Makeshift no more

Posted on August 20, 2014 | Atlantic Business Magazine | 0 Comments

DHX Media moves into new home and hopes to woo new talent with it

Halifax-based family entertainment company DHX Media Ltd. is the latest company to think that when it comes to employee recruitment and retention, work environment matters.

The company, which creates, produces, licenses and distributes children’s entertainment (in June it announced plans to produce 60 new episodes of the iconic Teletubbies TV series), has moved into a custom-renovated animation studio in downtown Halifax. The new digs are a far cry from its previous home in Halifax – a former call centre that was turned into a studio. And while the old building served its purpose, Phillip Stamp, vice-president of the Halifax studio, says that space wasn’t the best for DHX’s Halifax employees.

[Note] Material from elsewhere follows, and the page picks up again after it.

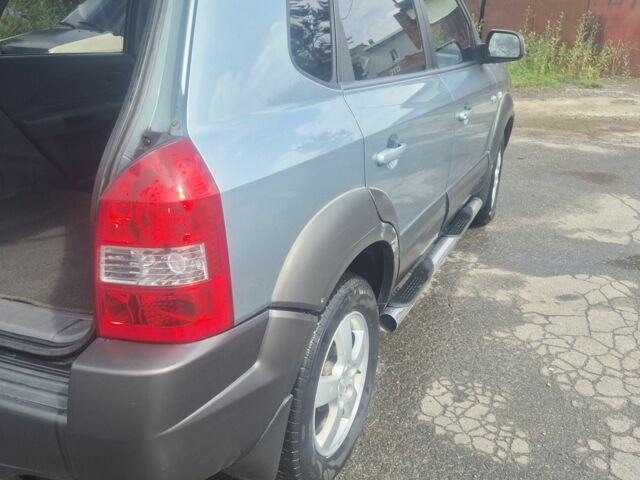 Зеленый Хендай Туксон, объемом двигателя 2 л и пробегом 190 тыс. км за 5000 $, фото 1 на Automoto.ua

“You need an environment conducive to creating the best work possible,” Stamp says. “Our old office was an easy place to move into. But it felt like we were living in someone else’s space and it felt kind of makeshift.”

That shouldn’t be a problem in the new studio located on Spring Garden Road in the heart of Halifax’s downtown. The new studio has around 18,000 square feet of space compared to about 12,000 square feet at the old place, and rooms have been customized to, as Stamp puts it, “make space more suited to doing the best we can.”

Stamp says the new studio will house 160 DHX employees. Two years ago in their previous work space the average employee head count was 50. The company is obviously growing, but Stamp feels for it to continue to recruit talented artists to live and work in Nova Scotia (the Halifax studio focuses on producing computer graphics animation) it needs to provide a modern work environment with all the bells and whistles that people working in the animation industry expect. “This gives us a great base of operations, and it gives us an ability to continue the growth we are having,” Stamp says.